Murió el periodista que se atrevió a insultar por teléfono a Pablo Escobar

Siempre lo reconocieron como el periodista invisible. Todo el tiempo tuvo que aferrarse al bajo perfil. Igual que Guillermo Cano, su maestro, Fabio Castillo sostuvo que nunca importaba el periodista sino el hecho, lo que se contaba, lo que se denunciaba. Creía que su deber moral era desenmascarar al poder y sus complejidades. La banca fue una de ellas. En los años ochenta apuntó a Jaime Michelsen Uribe, cabeza del grupo Gran Colombiano, uno de los banqueros más reconocidos del país. En 1982, una investigación suya, hecha a cuatro manos con don Guillermo Cano, desató un escándalo de proporciones bíblicas, los miembros de la junta de ese grupo económico, entre los que se contaban eminentes apellidos como López y Michelsen, se hacía autopréstamos entre sus miembros, algo que está penalizado en la ley colombiana. Además de esto se hacían operaciones especulativas, jugando con los ahorros de la gente. Por esa misma época, investigaron al suplente del político liberal Jairo Ortega en la Cámara de Representantes: Pablo Escobar. Castillo encontró una foto de Escobar siendo detenido por llevar contrabando a Ecuador. Además, tuvo en sus manos el prontuario de quien fungía en Medellín como una especie de Robin Hood de las comunas. Otra máscara había caído por culpa de la rigurosidad de Castillo.

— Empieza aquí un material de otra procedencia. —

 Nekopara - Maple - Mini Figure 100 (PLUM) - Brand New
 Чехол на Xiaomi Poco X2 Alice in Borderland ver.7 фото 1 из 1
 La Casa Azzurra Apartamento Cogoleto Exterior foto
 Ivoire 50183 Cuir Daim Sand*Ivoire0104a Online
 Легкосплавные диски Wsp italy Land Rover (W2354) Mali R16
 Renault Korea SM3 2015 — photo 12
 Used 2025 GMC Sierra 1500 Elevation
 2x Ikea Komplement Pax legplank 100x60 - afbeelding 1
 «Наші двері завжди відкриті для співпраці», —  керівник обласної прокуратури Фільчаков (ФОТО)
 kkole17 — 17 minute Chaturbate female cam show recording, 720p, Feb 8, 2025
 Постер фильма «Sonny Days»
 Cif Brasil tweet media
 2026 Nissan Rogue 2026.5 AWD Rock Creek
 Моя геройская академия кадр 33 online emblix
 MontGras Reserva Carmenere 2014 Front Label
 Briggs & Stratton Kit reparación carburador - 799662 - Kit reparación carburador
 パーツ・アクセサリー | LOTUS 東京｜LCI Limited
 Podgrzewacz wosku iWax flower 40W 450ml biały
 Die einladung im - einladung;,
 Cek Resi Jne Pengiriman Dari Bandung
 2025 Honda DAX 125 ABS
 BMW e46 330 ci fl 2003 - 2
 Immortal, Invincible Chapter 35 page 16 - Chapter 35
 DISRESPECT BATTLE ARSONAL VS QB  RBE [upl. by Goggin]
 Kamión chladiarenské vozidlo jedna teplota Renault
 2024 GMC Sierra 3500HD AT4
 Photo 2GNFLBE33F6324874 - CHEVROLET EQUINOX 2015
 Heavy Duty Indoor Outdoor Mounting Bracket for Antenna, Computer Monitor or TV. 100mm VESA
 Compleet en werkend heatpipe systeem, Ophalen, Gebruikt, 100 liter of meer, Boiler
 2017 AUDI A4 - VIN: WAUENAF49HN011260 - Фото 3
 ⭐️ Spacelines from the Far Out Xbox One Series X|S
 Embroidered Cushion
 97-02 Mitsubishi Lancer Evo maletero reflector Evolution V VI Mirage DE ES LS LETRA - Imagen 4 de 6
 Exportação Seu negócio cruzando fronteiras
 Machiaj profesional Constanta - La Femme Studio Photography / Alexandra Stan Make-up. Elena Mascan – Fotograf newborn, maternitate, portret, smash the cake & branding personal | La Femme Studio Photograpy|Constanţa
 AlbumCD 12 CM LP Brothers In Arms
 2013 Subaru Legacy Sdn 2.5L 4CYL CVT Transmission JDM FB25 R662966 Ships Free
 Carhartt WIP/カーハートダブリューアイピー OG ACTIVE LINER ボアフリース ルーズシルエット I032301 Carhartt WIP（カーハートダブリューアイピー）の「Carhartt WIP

Empezó entonces la persecución de Pablo Escobar contra un periódico. El día que El Espectador reveló la foto del narco, su respuesta fue comprar todos los periódicos que encontró en Medellín e hizo una gran hoguera con ellos. A Castillo le recomendaron irse del país. Tenía las horas contadas. Él ni siquiera se quiso ir de Bogotá. Le encontraron en el barrio Santa Fe un apartamento para que pasara como anónimo. El edificio, que se llamaba Tundama, estaba rodeado de prostíbulos. Cerca de cuarenta mujeres lo cuidaban cada noche. Le habían asignado un escolta. En muchas entrevistas, Fabio afirmaba sentirse un poco tímido por eso de ir en bus y llevar al lado un escolta: “Era algo ridículo”.

Y entonces empezaron los asesinatos. Pablo Escobar creía tener la potestad de decir quien vivía y quien no. No le importaba el cargo. Cuando asesinó en abril de 1984 a Rodrigo Lara Bonilla, ministro de Justicia, el país entendió que se sometería a un nuevo tipo de violencia. A los periodistas que hablaban mal de él o los compraba o los mataba. A Guillermo Cano no había cómo sobornarlo. Era un tipo duro, con vocación. No cedió. Lo asesinaron poco antes de la Navidad de 1986. El sicario que lo mató en un semáforo frente al edificio de El Espectador no sabía que don Guillermo tenía atrás de su carro los regalos empacados para sus nietos. Castillo, lejos de tener miedo, siguió resistiendo en Colombia. Estaba a punto de salir Los jinetes de la cocaína, ese gran clásico en donde no solo mostraba y nombraba la red de narcotraficantes que quería apoderarse del país, sino que también mostraba su relación con la banca, con la política.

Una vez lo llamó Pablo Escobar. Empezó a desafiarlo, a putearlo, a decirle que tenía que salir corriendo. La respuesta de Castillo sorprendió al propio capo. “¿Cuántos años tiene Manuela?” Le preguntó Castillo, haciendo referencia a la pequeña hija de Escobar. Al otro lado de la línea cundió el silencio. Castillo volvió a torearlo “Porque si usted viene por mí, yo voy por Manuela”. Entonces el capo estalló, le colgó la lápida.

Por esa semana salió el libro, Los jinetes, y rompió la historia del periodismo colombiano en dos. Lamentablemente para Castillo no lo pudo ver en las vidrieras del país. Escondido en el baúl de un carro lo sacaron hasta Ipiales, luego tomó un avión hasta Quito y después se fue a Miami. Allí le advirtieron que ese no era un lugar confiable “Miami es el patio trasero de Medellín” le dijo un amigo periodista, así que con 60 dólares viajó a España, se instaló en Madrid y solo en los noventa regresó al país.

Castillo trabajó en El Espectador hasta el año 2016 y luego dirigió una revista en México. Como los hombres justos, murió en su casa en el barrio Palermo de Bogotá. Tenía 65 años.